Prerequisites: lessons 11, 12, and 13. The SDE framing in this lesson assumes you have the L11 denoising-score-matching framework, the L12 DDPM Markov chain plus closed-form forward shortcut, and the L13 DDIM deterministic sampler. The math here is denser than L13 (continuous-time SDEs, the probability flow ODE, the Anderson reverse-SDE result) but every piece references something you have already seen. Comfort with calculus (the limit interpretation of the discrete chain) and with random-process intuition (the Wiener process as the continuous-time analogue of Gaussian noise per step) makes the reading easier; if you are unsure on either, the worked numerical anchor in this lesson is the way to ground the abstractions.

About the math

This is the most theoretically dense lesson in Phase 3, and the smallest practical leap. The forward and reverse SDEs are one notational step away from the discretized chain you already know; the noise-predictor / score-function identity is one line of algebra from the closed-form forward shortcut; the probability flow ODE is the deterministic limit of the reverse SDE with a constant change. Each result is a clean line of reasoning, but the framework as a whole is what makes diffusion a coherent paradigm rather than three independent recipes.
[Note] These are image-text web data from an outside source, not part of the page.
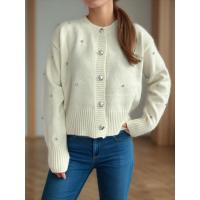 Estilo coreano elegante para mujer, corte holgado, cuello redondo, tejido, moda primavera otoño - details 1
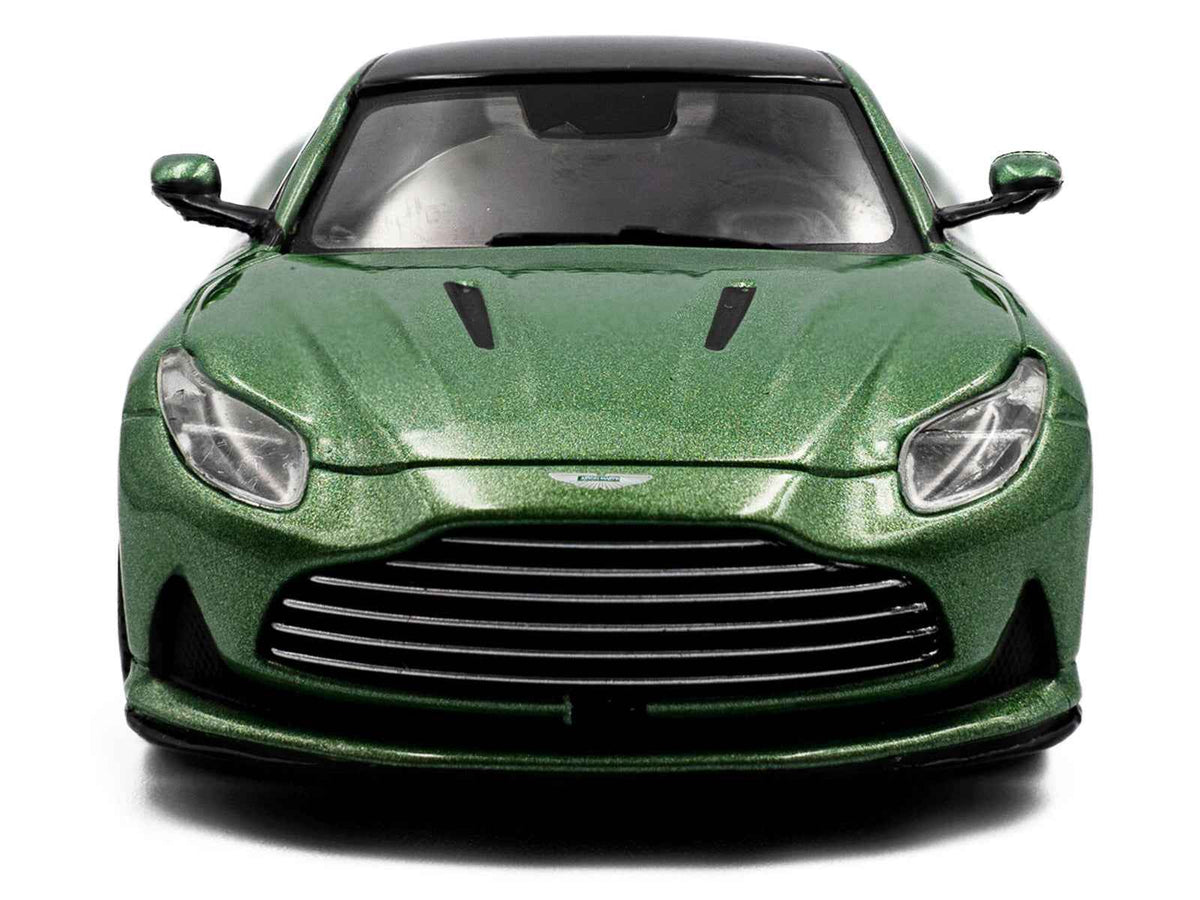 2023 Aston Martin DB12 Coupe iridescent emerald metallic 1/43 diecast model car by Solido with black top, detailed miniature vehicle.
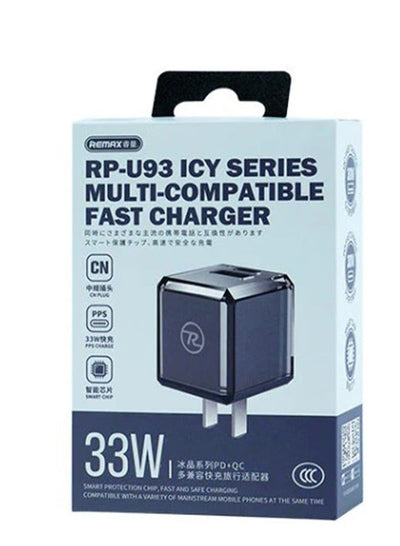 Fast Charger ICY Series RP-U93 , 33W with 2 port Compatible (PD+QC) for phone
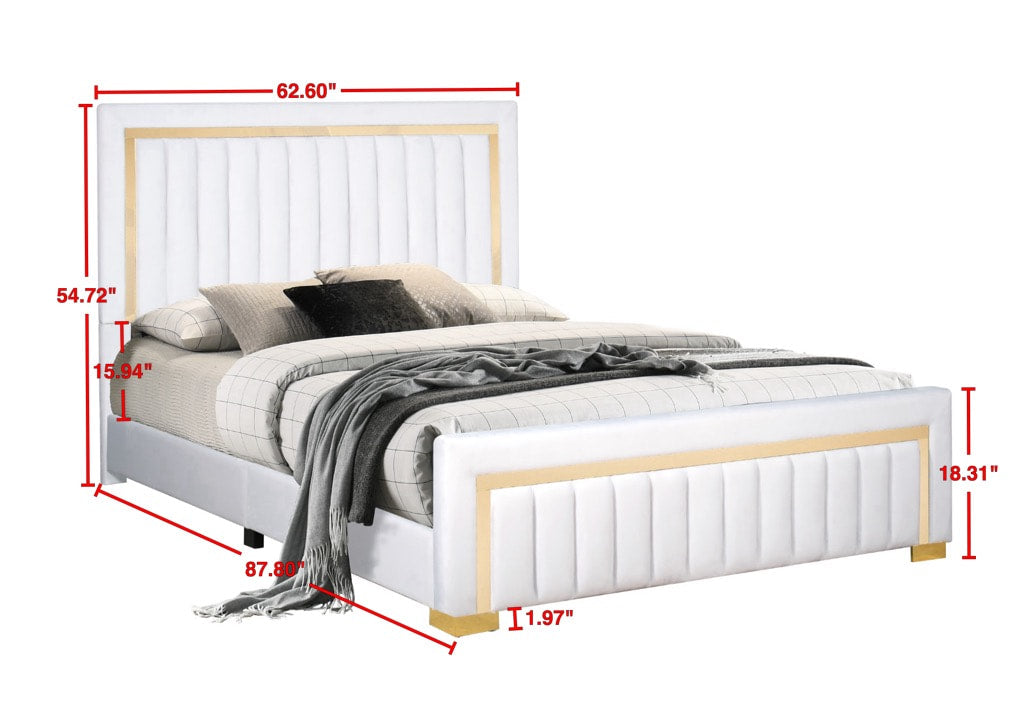 Henry Full Bed showing panel design and beige fabric upholstery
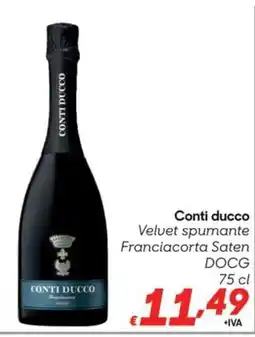 Pac Cash&Carry Conti ducco Velvet spumante Franciacorta Saten DOCG offerta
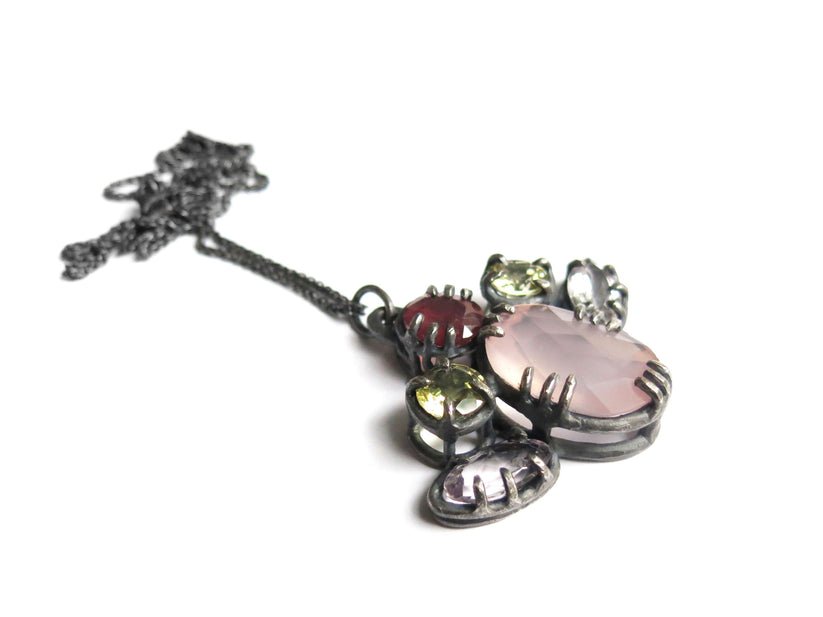 Elaine Ho Pendant Necklace (Rose Quartz, Pink Sapphire, Lemon Quartz & Amethyst) - Victoire BoutiqueElaine HoNecklaces Ottawa Boutique Shopping Clothing
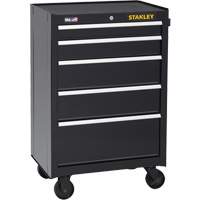 300 Series Rolling Tool Cabinet, 5 Drawers, 26-1/2" W x 18" D x 40-1/2" H, Black Action Paper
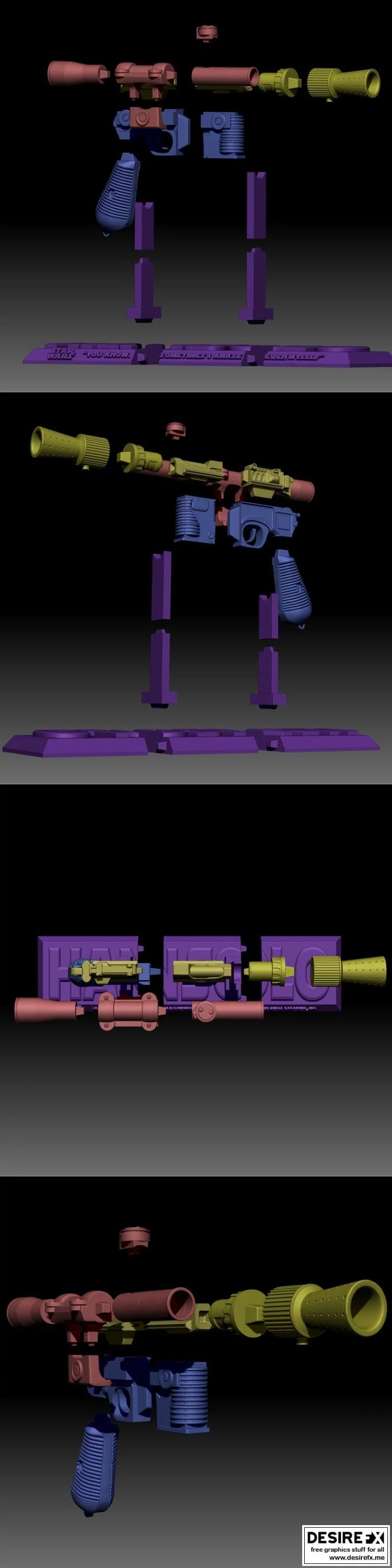 星球大战——汉 Solo 枪械 3D打印模型|Star Wars – Han Solo Blaster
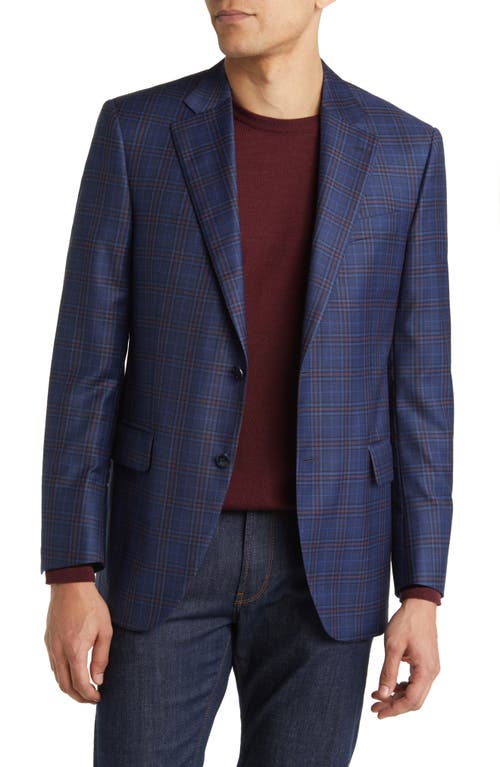 Tailored Fit Plaid Wool Sport Coat in Blue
The worked numerical anchor takes a simple linear-drift constant-diffusion variance-preserving SDE and integrates the probability flow ODE through one step end-to-end, with numbers preserved exactly.

By the end, you’ll be able to

Derive the forward stochastic differential equation that the DDPM Markov chain is a discretization of, and identify the variance-preserving and variance-exploding choices
Connect the noise predictor from L12 to the score function from L11 via the fixed-scalar relationship (negative noise prediction divided by cumulative noise standard deviation)
Analyze why the reverse process is itself an SDE whose drift involves the score function, and explain why integrating it backward produces samples from the data distribution
Derive the probability flow ODE associated with the reverse SDE, and explain why it gives both a deterministic sampler (the L13 DDIM mechanism) and a tractable likelihood evaluation
Place L11, L12, L13, and L14 on one map and explain why three different recipes are the same continuous-time framework with different discretizations and different samplers

Time and difficulty

Read time: about 17 minutes
Practice time: about 16 minutes (a six-question self-check, a one-step probability-flow-ODE integration on a linear-drift constant-diffusion SDE with numbers preserved exactly, a noise-predictor-to-score conversion at three timesteps, and flashcards)
Difficulty: standard, theoretical-capstone-dense. Most math-heavy lesson in Phase 3. The framework is what to remember; the specific equations are the calibration for reading score-based papers fluently.